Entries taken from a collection
§ §

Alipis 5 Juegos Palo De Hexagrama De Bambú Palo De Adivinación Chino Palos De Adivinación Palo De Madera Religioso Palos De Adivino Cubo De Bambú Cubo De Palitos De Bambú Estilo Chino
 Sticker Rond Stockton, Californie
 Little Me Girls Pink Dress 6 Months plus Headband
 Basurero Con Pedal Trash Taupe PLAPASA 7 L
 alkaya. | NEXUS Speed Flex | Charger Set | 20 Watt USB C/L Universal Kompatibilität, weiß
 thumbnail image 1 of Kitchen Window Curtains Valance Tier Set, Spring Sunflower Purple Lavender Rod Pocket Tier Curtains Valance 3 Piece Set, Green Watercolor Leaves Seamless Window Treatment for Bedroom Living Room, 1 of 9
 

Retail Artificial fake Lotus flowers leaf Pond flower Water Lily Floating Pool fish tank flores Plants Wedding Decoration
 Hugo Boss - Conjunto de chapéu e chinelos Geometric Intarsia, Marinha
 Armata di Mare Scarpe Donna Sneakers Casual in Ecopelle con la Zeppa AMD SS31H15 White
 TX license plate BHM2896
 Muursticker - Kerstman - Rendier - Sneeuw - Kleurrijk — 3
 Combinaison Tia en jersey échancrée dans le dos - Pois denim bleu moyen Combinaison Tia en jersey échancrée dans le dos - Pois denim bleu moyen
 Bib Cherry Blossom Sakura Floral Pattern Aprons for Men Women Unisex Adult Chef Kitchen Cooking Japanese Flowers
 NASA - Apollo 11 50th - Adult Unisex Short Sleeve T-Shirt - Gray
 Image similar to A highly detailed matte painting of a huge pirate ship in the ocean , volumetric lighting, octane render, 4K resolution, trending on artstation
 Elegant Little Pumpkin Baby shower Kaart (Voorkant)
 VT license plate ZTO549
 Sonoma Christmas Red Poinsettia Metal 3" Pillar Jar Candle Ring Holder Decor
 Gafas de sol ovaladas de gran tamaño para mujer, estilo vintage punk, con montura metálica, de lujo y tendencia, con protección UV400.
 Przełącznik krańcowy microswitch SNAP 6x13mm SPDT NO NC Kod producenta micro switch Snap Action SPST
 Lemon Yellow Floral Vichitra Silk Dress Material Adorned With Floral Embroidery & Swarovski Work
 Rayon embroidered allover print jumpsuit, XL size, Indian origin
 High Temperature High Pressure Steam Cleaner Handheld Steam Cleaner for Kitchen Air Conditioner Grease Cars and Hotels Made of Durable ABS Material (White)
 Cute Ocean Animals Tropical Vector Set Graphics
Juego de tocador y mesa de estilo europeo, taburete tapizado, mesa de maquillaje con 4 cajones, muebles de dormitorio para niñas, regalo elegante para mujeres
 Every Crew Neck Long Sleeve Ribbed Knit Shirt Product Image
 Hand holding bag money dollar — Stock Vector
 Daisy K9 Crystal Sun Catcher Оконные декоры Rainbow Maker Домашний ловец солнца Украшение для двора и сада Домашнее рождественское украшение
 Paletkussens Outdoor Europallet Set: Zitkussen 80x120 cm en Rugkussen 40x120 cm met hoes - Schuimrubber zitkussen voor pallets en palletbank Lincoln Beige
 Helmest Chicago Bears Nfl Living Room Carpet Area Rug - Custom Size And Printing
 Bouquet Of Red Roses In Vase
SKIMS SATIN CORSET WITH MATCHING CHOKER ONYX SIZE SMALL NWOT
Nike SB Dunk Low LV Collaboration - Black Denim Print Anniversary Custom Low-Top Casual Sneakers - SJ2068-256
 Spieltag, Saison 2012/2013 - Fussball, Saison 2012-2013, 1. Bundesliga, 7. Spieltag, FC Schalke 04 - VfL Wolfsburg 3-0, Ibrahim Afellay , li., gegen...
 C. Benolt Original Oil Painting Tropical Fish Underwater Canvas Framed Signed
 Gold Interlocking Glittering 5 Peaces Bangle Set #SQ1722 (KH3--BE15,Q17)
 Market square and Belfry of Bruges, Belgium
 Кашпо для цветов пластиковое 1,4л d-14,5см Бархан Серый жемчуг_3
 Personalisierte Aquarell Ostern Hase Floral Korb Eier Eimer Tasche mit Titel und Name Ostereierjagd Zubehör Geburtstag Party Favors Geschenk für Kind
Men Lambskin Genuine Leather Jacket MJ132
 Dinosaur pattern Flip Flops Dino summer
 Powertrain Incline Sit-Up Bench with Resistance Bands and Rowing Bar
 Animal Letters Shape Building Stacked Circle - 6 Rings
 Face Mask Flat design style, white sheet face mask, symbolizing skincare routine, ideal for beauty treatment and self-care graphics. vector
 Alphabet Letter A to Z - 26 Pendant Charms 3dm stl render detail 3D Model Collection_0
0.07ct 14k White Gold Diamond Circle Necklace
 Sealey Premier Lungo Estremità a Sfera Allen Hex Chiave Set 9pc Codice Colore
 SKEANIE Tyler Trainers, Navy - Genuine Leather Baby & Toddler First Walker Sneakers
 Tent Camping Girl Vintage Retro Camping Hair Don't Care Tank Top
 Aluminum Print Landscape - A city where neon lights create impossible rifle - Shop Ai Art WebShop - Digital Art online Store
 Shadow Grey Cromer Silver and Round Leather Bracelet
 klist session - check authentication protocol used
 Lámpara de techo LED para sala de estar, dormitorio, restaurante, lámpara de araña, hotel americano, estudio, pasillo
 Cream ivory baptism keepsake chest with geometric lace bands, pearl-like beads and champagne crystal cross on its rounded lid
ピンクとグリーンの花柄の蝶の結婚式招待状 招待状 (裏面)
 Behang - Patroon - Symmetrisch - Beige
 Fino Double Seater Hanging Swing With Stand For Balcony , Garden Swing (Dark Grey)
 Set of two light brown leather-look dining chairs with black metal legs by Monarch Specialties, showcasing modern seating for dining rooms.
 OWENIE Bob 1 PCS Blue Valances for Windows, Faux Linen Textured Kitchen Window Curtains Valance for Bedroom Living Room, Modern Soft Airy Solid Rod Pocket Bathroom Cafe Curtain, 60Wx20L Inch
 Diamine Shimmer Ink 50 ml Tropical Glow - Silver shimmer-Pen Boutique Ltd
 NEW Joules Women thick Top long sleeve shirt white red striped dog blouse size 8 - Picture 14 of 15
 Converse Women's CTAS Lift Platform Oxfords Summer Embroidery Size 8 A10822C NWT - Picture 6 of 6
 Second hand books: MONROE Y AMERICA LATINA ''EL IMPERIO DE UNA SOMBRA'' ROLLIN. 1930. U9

§ §

How to complete this task: Restate word for word the lines of the data above, starting at the line containing "Helmest Chicago Bears" and ending at the line containing "Men Lambskin Genuine Leather Jacket MJ132", both included, and nothing more.

Answer to the exercise:
 Helmest Chicago Bears Nfl Living Room Carpet Area Rug - Custom Size And Printing
 Bouquet Of Red Roses In Vase
SKIMS SATIN CORSET WITH MATCHING CHOKER ONYX SIZE SMALL NWOT
Nike SB Dunk Low LV Collaboration - Black Denim Print Anniversary Custom Low-Top Casual Sneakers - SJ2068-256
 Spieltag, Saison 2012/2013 - Fussball, Saison 2012-2013, 1. Bundesliga, 7. Spieltag, FC Schalke 04 - VfL Wolfsburg 3-0, Ibrahim Afellay , li., gegen...
 C. Benolt Original Oil Painting Tropical Fish Underwater Canvas Framed Signed
 Gold Interlocking Glittering 5 Peaces Bangle Set #SQ1722 (KH3--BE15,Q17)
 Market square and Belfry of Bruges, Belgium
 Кашпо для цветов пластиковое 1,4л d-14,5см Бархан Серый жемчуг_3
 Personalisierte Aquarell Ostern Hase Floral Korb Eier Eimer Tasche mit Titel und Name Ostereierjagd Zubehör Geburtstag Party Favors Geschenk für Kind
Men Lambskin Genuine Leather Jacket MJ132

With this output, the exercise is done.